I am in awe, few things have impressed me this deeply.

This isn’t just a middle finger to everyone to everyone who is against blanket surveillance (aka. the majority of Americans), it is Obama saying “Kiss My Ass.”

It’s really hard for most people to understand just how much contempt our lords and masters have for us.  They really don’t give a fuck what’s good for us, what we like, or what we think.  They are rich, or powerful, or famous because they deserve it, and if we aren’t any of those things then they don’t give two fucks what we think.  By not being rich, powerful or famous we have proven we don’t deserve any say.  After all, if we had any qualities that were worthwhile beyond the sort of qualities you praise in a dog, we wouldn’t be peons, would we.

In this, Obama is very similar to Bush, actually, but in general it’s a characteristic of everyone near the top of our current society.  Starting at about the Senior VP level, people decide that they deserve everything they’ve got and everyone else doesn’t.  If they did, they’d have it.

The media is full of studies showing that power decreases empathy, and I’ll bet that’s true throughout history.
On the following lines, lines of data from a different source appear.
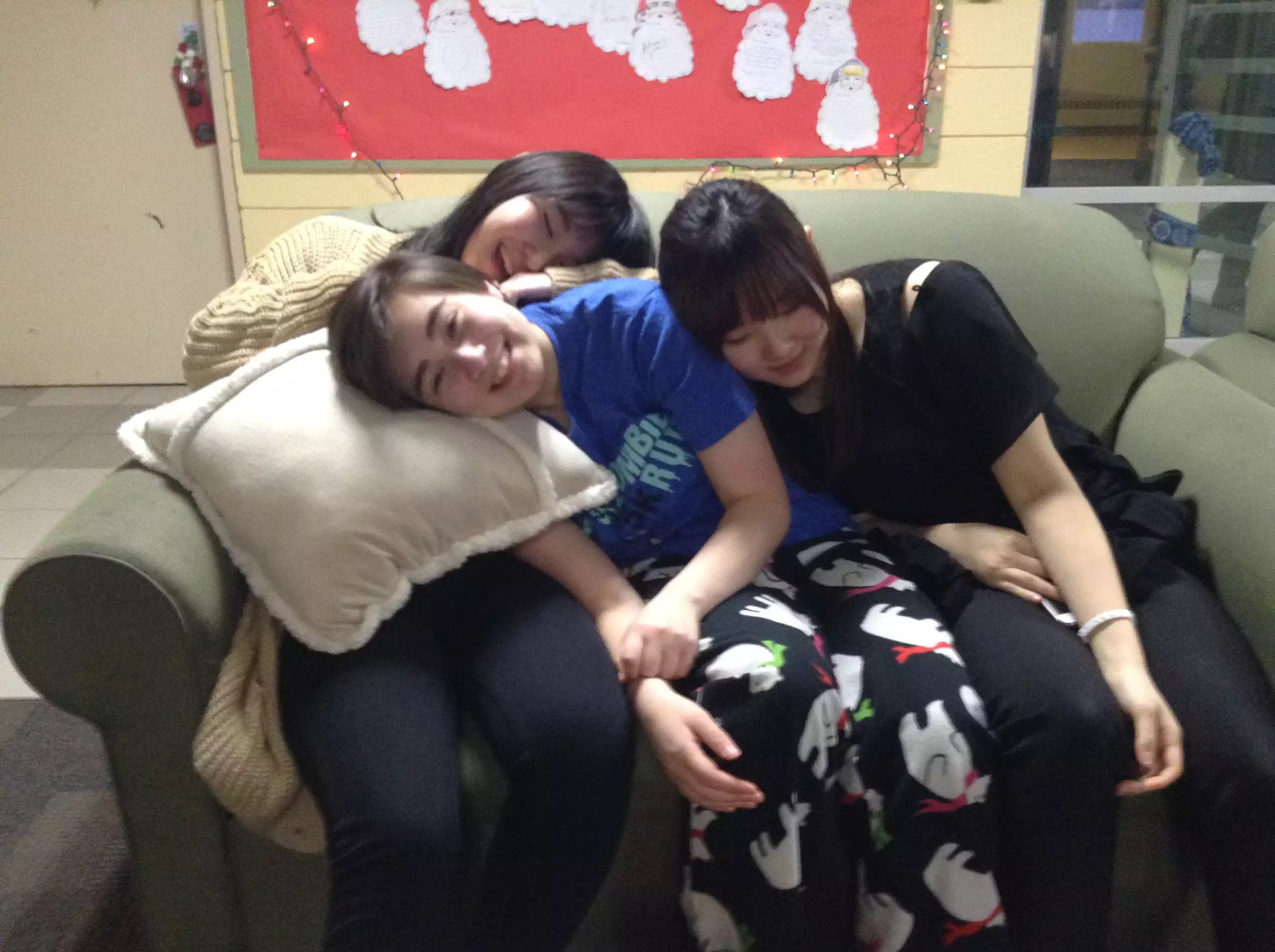 Mei and friends in pajamas on a couch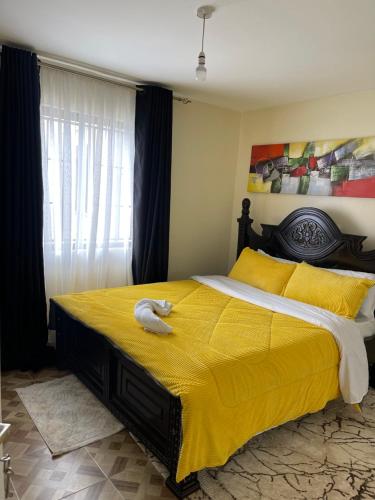 Un dormitorio con una cama amarilla con un animal de peluche. en Inviting 3-Bed Apartment in Nairobi en Nairobi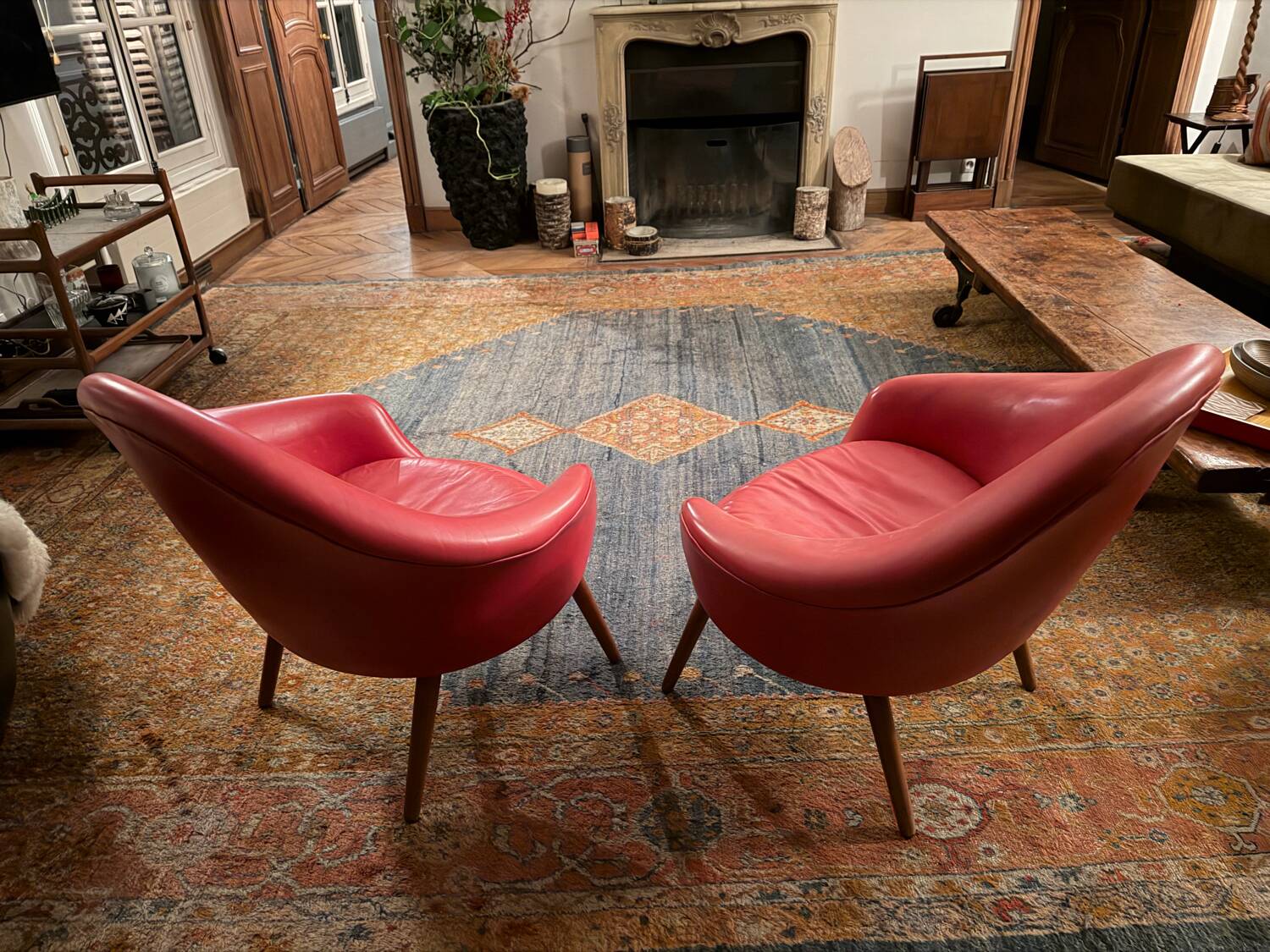 2 Hans Olsen armchairs, 1950s, red leather finish.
But I’ll also bet this, the degree to which it is true is social, and in many times and places it has been less true.  Over the last couple generations we’ve seen a significant, measurable fall in the general level of empathy in the population as a whole.  If you have an ideology which glorifies greed and which claims that society is a meritocracy when there is copious evidence to the contrary, those who win will believe they “deserve” what they have, and everyone else “deserves” what they have.  Add to that objective circumstances which amount to dog-eat-dop (there simply are not enough good jobs to go around) and people will either band together, or turn on each other.  Generally, we’ve chosen, for ideological reasons, to turn on each other.

This isn’t necessary: it isn’t what happened in the US in the Great Depression, for example.  It’s a choice, and our choice is to be bastards to each other.